__Problem to solve__:
The listing has to be given again in full and exactly.

Recorded data section start

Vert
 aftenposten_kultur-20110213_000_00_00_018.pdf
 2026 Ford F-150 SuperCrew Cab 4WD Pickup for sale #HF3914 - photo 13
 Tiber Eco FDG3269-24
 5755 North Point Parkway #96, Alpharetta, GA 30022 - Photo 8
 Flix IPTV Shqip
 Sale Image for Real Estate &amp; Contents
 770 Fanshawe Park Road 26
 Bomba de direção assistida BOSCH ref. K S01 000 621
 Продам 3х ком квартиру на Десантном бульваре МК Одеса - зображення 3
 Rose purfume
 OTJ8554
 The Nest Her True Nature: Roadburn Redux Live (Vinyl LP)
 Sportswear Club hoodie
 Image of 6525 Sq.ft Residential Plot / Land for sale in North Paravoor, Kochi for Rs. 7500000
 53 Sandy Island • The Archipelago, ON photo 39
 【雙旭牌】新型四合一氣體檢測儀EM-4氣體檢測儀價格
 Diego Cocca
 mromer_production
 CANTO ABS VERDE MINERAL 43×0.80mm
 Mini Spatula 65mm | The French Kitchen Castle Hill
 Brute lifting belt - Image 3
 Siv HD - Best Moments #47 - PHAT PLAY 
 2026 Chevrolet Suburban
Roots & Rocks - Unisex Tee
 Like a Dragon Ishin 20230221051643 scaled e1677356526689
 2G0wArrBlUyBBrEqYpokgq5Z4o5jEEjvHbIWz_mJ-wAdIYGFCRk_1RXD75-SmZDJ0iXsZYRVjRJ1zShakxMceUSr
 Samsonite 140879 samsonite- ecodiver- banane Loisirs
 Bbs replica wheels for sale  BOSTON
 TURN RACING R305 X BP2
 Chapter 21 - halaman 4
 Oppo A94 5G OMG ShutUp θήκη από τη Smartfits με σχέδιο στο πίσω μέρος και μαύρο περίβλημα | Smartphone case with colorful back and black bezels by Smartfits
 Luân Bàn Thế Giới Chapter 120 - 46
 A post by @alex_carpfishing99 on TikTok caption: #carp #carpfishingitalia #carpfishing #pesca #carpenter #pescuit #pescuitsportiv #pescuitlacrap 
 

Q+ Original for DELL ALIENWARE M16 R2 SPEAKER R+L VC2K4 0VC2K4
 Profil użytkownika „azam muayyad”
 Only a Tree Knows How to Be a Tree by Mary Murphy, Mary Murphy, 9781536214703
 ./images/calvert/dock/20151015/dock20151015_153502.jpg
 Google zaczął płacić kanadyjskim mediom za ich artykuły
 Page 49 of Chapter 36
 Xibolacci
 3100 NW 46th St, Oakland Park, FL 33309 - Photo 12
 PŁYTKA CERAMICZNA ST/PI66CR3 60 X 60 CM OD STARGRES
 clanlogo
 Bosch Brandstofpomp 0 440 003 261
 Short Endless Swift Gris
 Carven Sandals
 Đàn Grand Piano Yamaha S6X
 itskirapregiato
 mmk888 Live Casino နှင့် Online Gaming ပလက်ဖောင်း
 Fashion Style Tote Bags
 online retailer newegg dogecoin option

Recorded data section end

__Result for this task__:
Vert
 aftenposten_kultur-20110213_000_00_00_018.pdf
 2026 Ford F-150 SuperCrew Cab 4WD Pickup for sale #HF3914 - photo 13
 Tiber Eco FDG3269-24
 5755 North Point Parkway #96, Alpharetta, GA 30022 - Photo 8
 Flix IPTV Shqip
 Sale Image for Real Estate &amp; Contents
 770 Fanshawe Park Road 26
 Bomba de direção assistida BOSCH ref. K S01 000 621
 Продам 3х ком квартиру на Десантном бульваре МК Одеса - зображення 3
 Rose purfume
 OTJ8554
 The Nest Her True Nature: Roadburn Redux Live (Vinyl LP)
 Sportswear Club hoodie
 Image of 6525 Sq.ft Residential Plot / Land for sale in North Paravoor, Kochi for Rs. 7500000
 53 Sandy Island • The Archipelago, ON photo 39
 【雙旭牌】新型四合一氣體檢測儀EM-4氣體檢測儀價格
 Diego Cocca
 mromer_production
 CANTO ABS VERDE MINERAL 43×0.80mm
 Mini Spatula 65mm | The French Kitchen Castle Hill
 Brute lifting belt - Image 3
 Siv HD - Best Moments #47 - PHAT PLAY 
 2026 Chevrolet Suburban
Roots & Rocks - Unisex Tee
 Like a Dragon Ishin 20230221051643 scaled e1677356526689
 2G0wArrBlUyBBrEqYpokgq5Z4o5jEEjvHbIWz_mJ-wAdIYGFCRk_1RXD75-SmZDJ0iXsZYRVjRJ1zShakxMceUSr
 Samsonite 140879 samsonite- ecodiver- banane Loisirs
 Bbs replica wheels for sale  BOSTON
 TURN RACING R305 X BP2
 Chapter 21 - halaman 4
 Oppo A94 5G OMG ShutUp θήκη από τη Smartfits με σχέδιο στο πίσω μέρος και μαύρο περίβλημα | Smartphone case with colorful back and black bezels by Smartfits
 Luân Bàn Thế Giới Chapter 120 - 46
 A post by @alex_carpfishing99 on TikTok caption: #carp #carpfishingitalia #carpfishing #pesca #carpenter #pescuit #pescuitsportiv #pescuitlacrap 
 

Q+ Original for DELL ALIENWARE M16 R2 SPEAKER R+L VC2K4 0VC2K4
 Profil użytkownika „azam muayyad”
 Only a Tree Knows How to Be a Tree by Mary Murphy, Mary Murphy, 9781536214703
 ./images/calvert/dock/20151015/dock20151015_153502.jpg
 Google zaczął płacić kanadyjskim mediom za ich artykuły
 Page 49 of Chapter 36
 Xibolacci
 3100 NW 46th St, Oakland Park, FL 33309 - Photo 12
 PŁYTKA CERAMICZNA ST/PI66CR3 60 X 60 CM OD STARGRES
 clanlogo
 Bosch Brandstofpomp 0 440 003 261
 Short Endless Swift Gris
 Carven Sandals
 Đàn Grand Piano Yamaha S6X
 itskirapregiato
 mmk888 Live Casino နှင့် Online Gaming ပလက်ဖောင်း
 Fashion Style Tote Bags
 online retailer newegg dogecoin option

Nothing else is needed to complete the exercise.